Murphy Oil Corp., based in El Dorado, said Wednesday that it has closed on the sale of its operations in Malaysia to a subsidiary of PTT Exploration and Production Public Co. Ltd.
Murphy announced the $2 billion deal on March 21. The company said Wednesday that it expects to report a gain of about $1 billion, after closing adjustments, with no tax liabilities related to the transaction. PTT is in Thailand.
Murphy also announced that it has completed $300 million in share repurchases as of the end of the second quarter. The repurchases are part of a previously authorized and disclosed $500 million program. Murphy purchased 11.4 million shares outstanding, a 6.6% reduction from 173.6 million shares outstanding as of April 30, at an average price of $26.34 per share. The current share repurchase program expires at the end of 2020.
Murphy shares rose 38 cents, or 1.54%, to close Wednesday at $24.98.

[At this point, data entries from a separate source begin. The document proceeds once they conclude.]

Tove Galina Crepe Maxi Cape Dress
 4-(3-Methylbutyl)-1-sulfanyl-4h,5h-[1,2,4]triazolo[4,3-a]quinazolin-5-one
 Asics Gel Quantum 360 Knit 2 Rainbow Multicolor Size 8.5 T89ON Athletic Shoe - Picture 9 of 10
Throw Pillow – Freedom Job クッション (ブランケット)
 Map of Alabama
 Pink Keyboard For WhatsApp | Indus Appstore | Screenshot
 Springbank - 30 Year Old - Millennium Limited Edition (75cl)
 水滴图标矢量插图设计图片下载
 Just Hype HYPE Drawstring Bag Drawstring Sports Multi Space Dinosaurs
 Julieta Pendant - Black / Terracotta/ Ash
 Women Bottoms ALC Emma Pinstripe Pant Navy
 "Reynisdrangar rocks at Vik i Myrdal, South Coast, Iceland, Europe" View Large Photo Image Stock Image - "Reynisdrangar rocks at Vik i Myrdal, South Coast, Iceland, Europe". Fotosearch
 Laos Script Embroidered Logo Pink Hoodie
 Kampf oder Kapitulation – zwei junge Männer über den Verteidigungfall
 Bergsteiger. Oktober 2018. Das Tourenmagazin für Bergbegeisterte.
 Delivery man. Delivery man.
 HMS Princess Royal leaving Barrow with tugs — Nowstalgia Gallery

"Murphy remains committed to spending within cash flow while investing in our new Gulf of Mexico assets," Roger Jenkins, Murphy's president and chief executive officer, said in a news release. He said the sale was one of three major transactions for the company in the past nine months.
Murphy Oil, he said, is "now set up for a transformed future with no revolver borrowings and liquidity of more than $2 billion."
The Malaysian properties contributed 129 million barrels of oil equivalent, or 16%, of Murphy's 816 million barrels of oil equivalent in year-end proved reserves, the company said. The properties being sold produced more than 48,000 barrels of oil equivalent per day.